Oh yeah, about the Fulbright? I got my exchange packet 10 days ago.
I applied to the UK.
My exchange is in Hungary.
I'm not going.
My administration won't approve it because my exchange partner can't teach the same English classes I teach. Of course, it's more detailed than that, but basically, she majored in Theology and American Studies, and they want a degree in English, minimum.
I will apply again next year, and make sure this time NOT to mark that little box "yes" that asks, "Would you be willing to consider other countries than the ones you have indicated?"
She's going to be let down too. I feel rotten, but I also question the Fulbright administrators. There is a lot of hoo ha about how they work so hard to make a good match, and yet nothing about this woman and I seem to be a good match.
She teaches at a very orthodox Catholic boarding school and I don't even go to church. Some of what she teaches is religion (not something I'd be able to do... I can just see it now..."well, what do you think? You know, the bible was written by men, and men make mistakes right? Don't think your religion is more important than someone else's..."

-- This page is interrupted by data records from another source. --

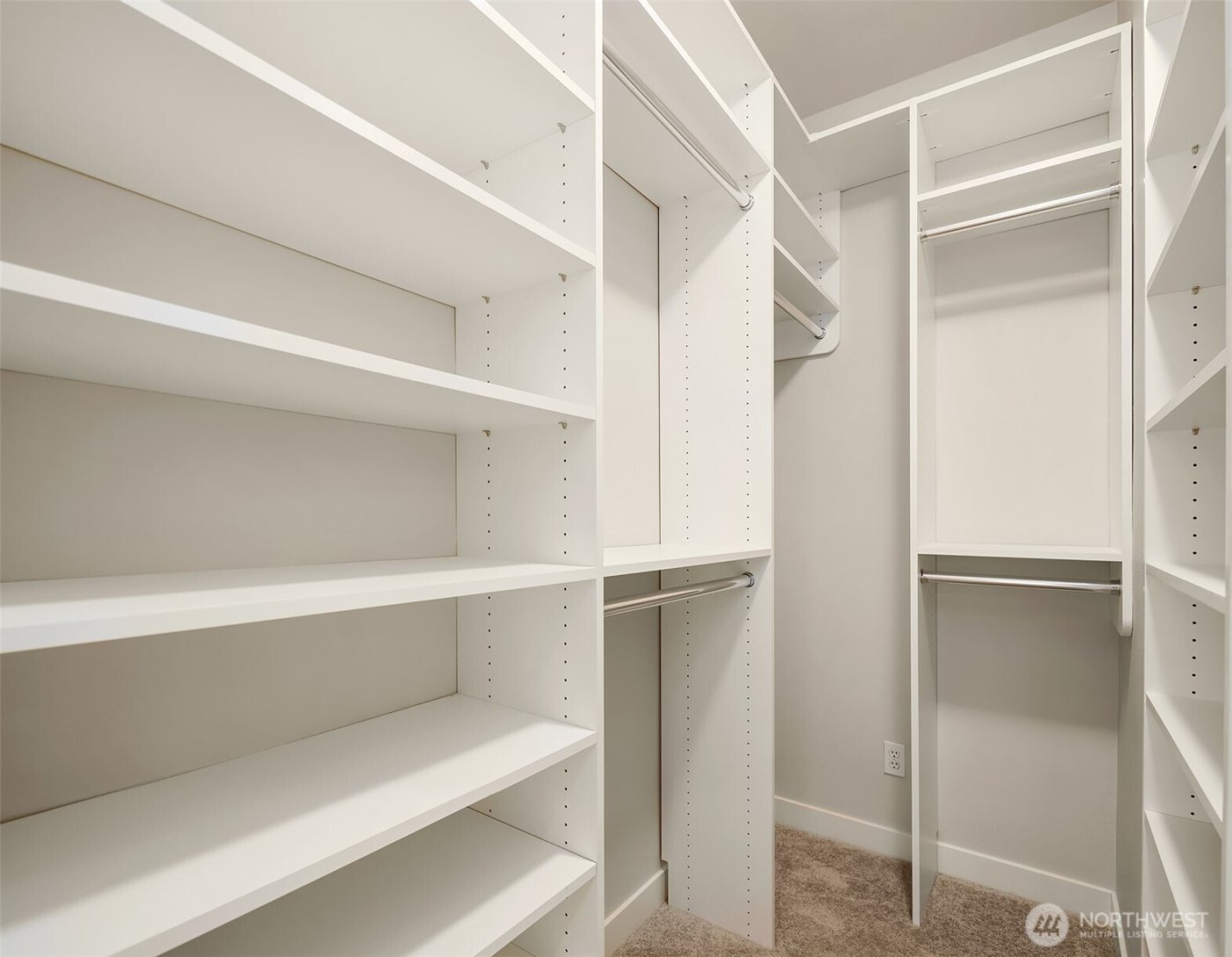 1000 Cabin Creek Lane SW #B204, Issaquah, WA 98027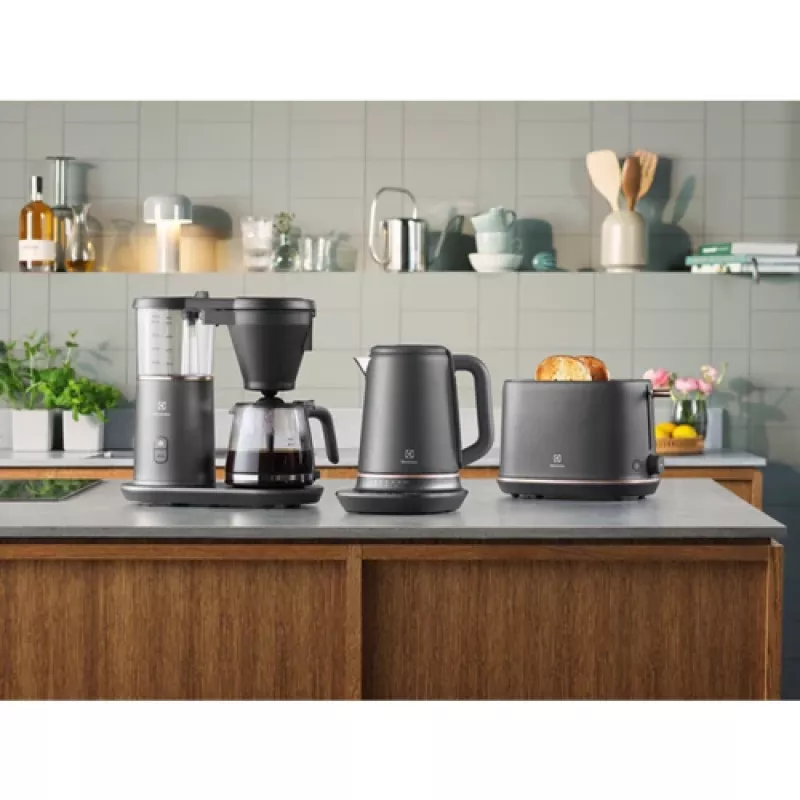 Electrolux E7K16BP waterkoker 1,7 l 2400 W zwart, koper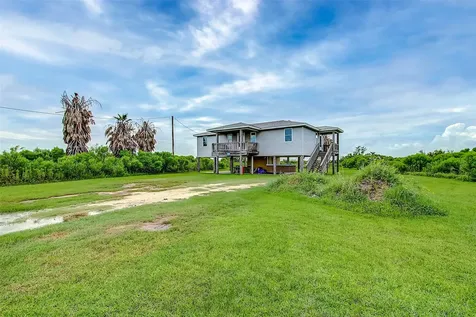 3253 Highway 87 Crystal Beach TX 77650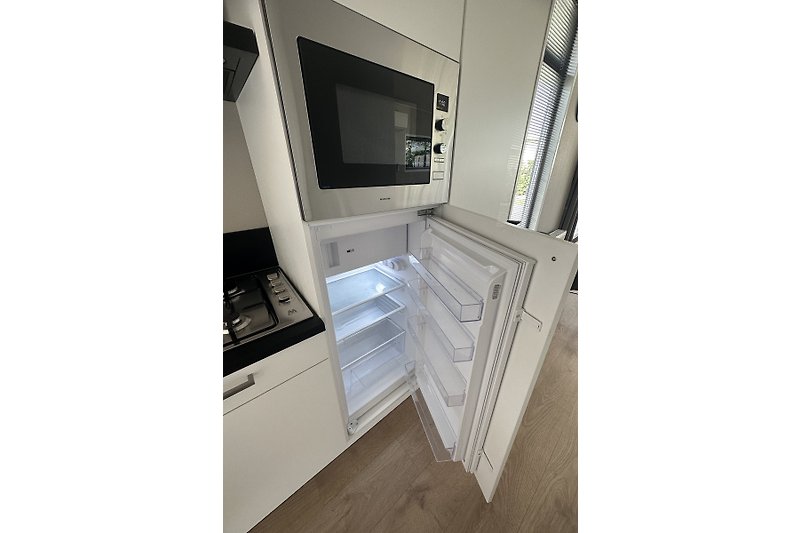 Kühlschrank mit kleinen Gefrierschrank und Mikrowelle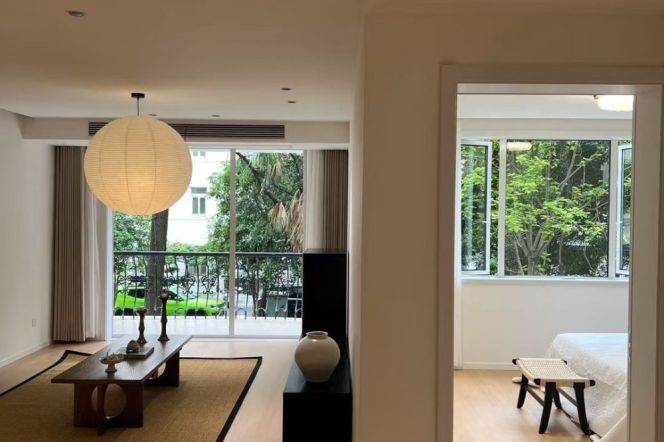 2 Brs with Open Balcony, Central ac, Dryer, 100 sqm @ Shanghai Swimming pool Centre L11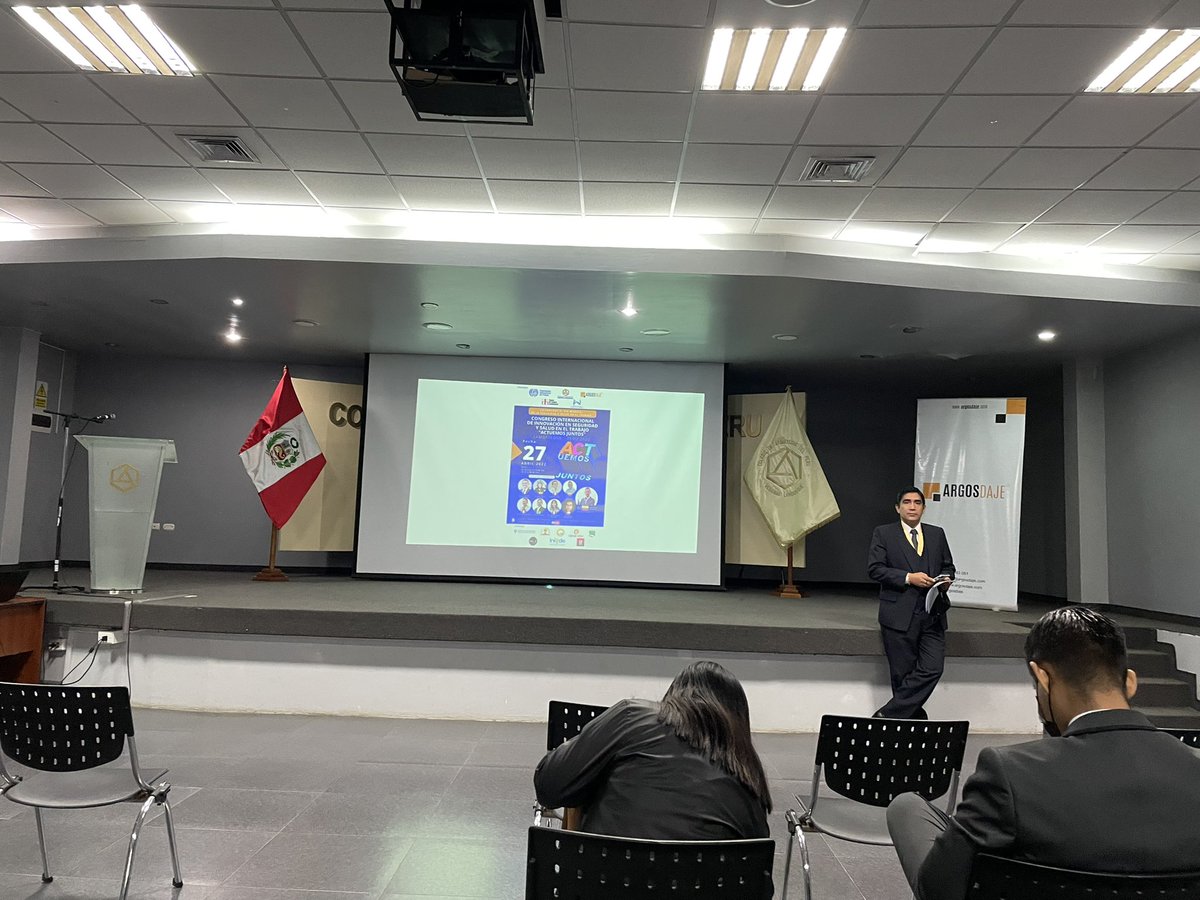 MartinPiscoya2's tweet photo. Congreso Internacional de Innovación en Seguridad y Salud en el Trabajo 2022😉👍💪🙏 https://t.co/avwK2rFBEe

Yeah, wouldn't go over too well.
Plus, she has a husband and three kids, which means I'd have to give up my apartment, find them a place that would be willing to rent to them for only a year, and then find another apartment for myself when I return (since I don't need a place big enough for a family of five). I'd also have to help with the rent, since she makes significantly less than I do, and with the Fulbright, we'd both be collecting our salaries from our respective schools, not the host school.
Rent in my town? I checked yesterday. 3-bedroom apartments are between $2200 and $3000. So, I don't know, if even with my help, they could afford it here.
All of her extra-curricular activities have to do with her church and religion, and even today, although Easter vacation has officially started for them, the teachers are together for a "spiritual retreat."
No. I'm not going.
But still. It feels crummy to know I'm going to let her down.